World Network of Users and Survivors of Psychiatry (WNUSP)
- Abbreviation: WNUSP
- Formation: 1970s
- Founder: Individuals who identify themselves as having experienced human rights violations in the mental health system
- Type: International organisation
- Legal status: Active
- Purpose: To protect and develop the human rights, disability rights, dignity and self-determination of those labeled 'mentally ill'
- Headquarters: Odense, Denmark (2000- )
- Location: Odense, Denmark;
- Origins: Psychiatric survivors movement
- Region served: International
- Methods: Advocacy, education
- Fields: Mental health, Human rights, Disability rights
- Members: Over 70 national organizations from 30 countries (as of 2003) (2003)
- Official language: English
- Co-Chairperson: Salam Gómez
- Co-Chairperson: Jolijn Santegoeds
- Current International Representative: Tina Minkowitz
- Key people: Tina Minkowitz (Current International Representative)
- Award: Special consultative status with the United Nations (2007)
- Formerly called: World Federation of Psychiatric Users (1991-1997)

= World Network of Users and Survivors of Psychiatry =

The World Network of Users and Survivors of Psychiatry (WNUSP) is an international organisation representing, and led by what it terms "survivors of psychiatry". As of 2003, over 70 national organizations were members of WNUSP, based in 30 countries.

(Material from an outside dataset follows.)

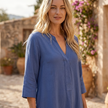 FJØRNA loose fit maxi shirt dress with long sleeves and V-neck, shown hanging with a relaxed, flowing silhouette.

The network seeks to protect and develop the human rights, disability rights, dignity and self-determination of those labeled 'mentally ill'.

==Activities==
WNUSP has special consultative status with the United Nations. It contributed to the development of the UN's Convention on the Rights of Persons with Disabilities. WNUSP has produced a manual to help people use it entitled "Implementation Manual for the United Nations Convention on the Rights of Persons with Disabilities", edited by Myra Kovary.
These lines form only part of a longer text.